ML Zoomcamp 1.5 - Model Selection Process

ML Zoomcamp 1.5 - Model Selection Process

Introduction to Model Selection Process

In this lesson, we will discuss the modeling step in machine learning and focus on the process of selecting the best model, known as the model selection process.

Modeling Step and Goal of Model Selection

  • The modeling step is where machine learning actually happens.
  • Different models are tried to choose the best one for a specific problem.
  • Logistic regression, decision trees, neural networks, etc., are examples of different models that will be covered in later sessions.
  • The goal is to find a model that works well for the given problem.

Mimicking Real-world Usage

  • Models are used to make predictions on unseen data.
  • To evaluate a model's performance, it needs to be tested on data it hasn't seen during training.
  • A validation dataset is created by setting aside a portion (e.g., 20%) of the entire dataset.
  • The remaining data (80%) is used for training only.

Evaluating Model Performance

  • Feature matrix (X) and target variable (y) are extracted from the training dataset.
  • A model (g) is trained using X and y.
  • Another feature matrix (X_validation) and target variable (y_validation) are extracted from the validation dataset.
  • The trained model (g) is applied to X_validation to obtain predictions (y_hat).

Comparing Predictions with Actual Values

  • Predictions (y_hat) are compared with actual values (y_validation).
  • Accuracy is calculated by counting correct predictions divided by total predictions made.

Evaluating Multiple Models

In this section, we explore evaluating multiple models using accuracy as a metric.

Comparing Model Accuracies

  • Different models like logistic regression, decision tree, random forest, and neural network are evaluated.
  • Each model is trained on the training dataset and tested on the validation dataset.
  • Accuracy is calculated for each model to determine its performance.

Example Comparison

  • Logistic regression: 66% accuracy
  • Decision tree: 60% accuracy
  • Random forest: 67% accuracy
  • Neural network: 80% accuracy (example)

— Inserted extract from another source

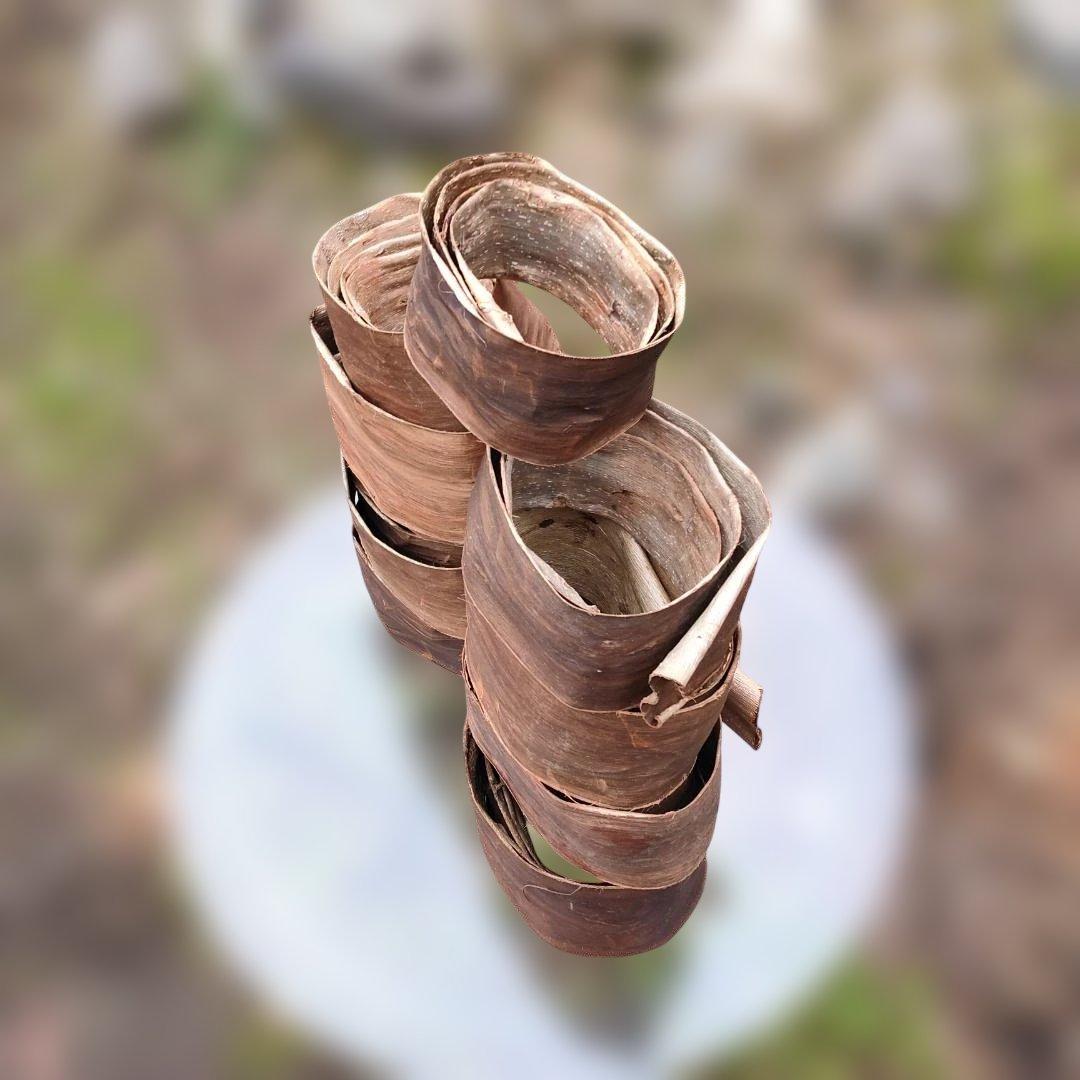 トミー 胡桃 くるみ クルミ 皮 樹皮 約2kg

The above accuracies are just hypothetical examples.

Conclusion

In this lesson, we learned about the modeling step in machine learning and the importance of selecting the best model. We discussed how to mimic real-world usage by creating a validation dataset and evaluating model performance using accuracy. Finally, we explored comparing multiple models based on their accuracies.

The Problem with a Simple Model

In this section, the speaker discusses the problem with using a simple model to classify spam emails. They use a coin flip analogy to illustrate how different models can produce varying results based on chance.

Coin Flip Model Example

  • A coin flip model is used as an example to demonstrate the issue.
  • The model flips a coin and classifies emails as spam or not spam based on whether it lands on heads or tails.
  • Different currencies (e.g., euro, dollar, zloty) are used to represent different models.
  • Each currency produces different sequences of correct and incorrect classifications.

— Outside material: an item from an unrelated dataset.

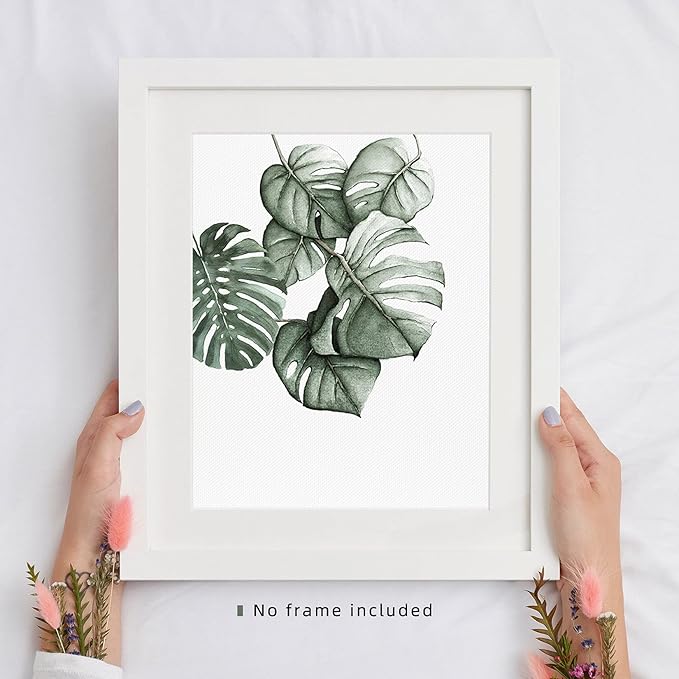 Plant Prints Wall Art Decor for Living Room, 8x10 Poster Canvas Prints Unframed Set of 6, Boho Wall Art Leaf Art Print Plant Posters Aesthetic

Randomness and Luck in Models

  • The example shows that one model may get lucky and correctly predict the validation data set by chance.
  • This randomness can also occur with real machine learning models, where one model may perform well on a specific subset of data due to luck.
  • This phenomenon is known as multiple comparison problems in statistics.

Need for Multiple Data Sets

  • To guard against lucky models, it is important to have separate training, validation, and test data sets.
  • The training data set is used to train the models, while the validation data set helps select the best model.
  • Finally, the test data set is used to validate the chosen model's performance without bias.

Final Model Selection

  • After selecting the best model using the validation data set, it is crucial to evaluate its performance on the test data set.
  • This step ensures that the chosen model performs well consistently and was not just lucky on the validation set.

Holding Out Two Data Sets for Model Evaluation

In this section, the speaker explains why two separate data sets (validation and test) are necessary for evaluating machine learning models accurately.

Splitting Data into Three Subsets

  • The original data set is divided into three subsets: training, validation, and test.
  • The percentages allocated to each subset can vary but are typically 60% for training, 20% for validation, and 20% for testing.

Model Selection with Validation Data

  • The model selection process involves training different models on the training data set and evaluating their performance on the validation data set.
  • The best-performing model is chosen based on accuracy or other evaluation metrics.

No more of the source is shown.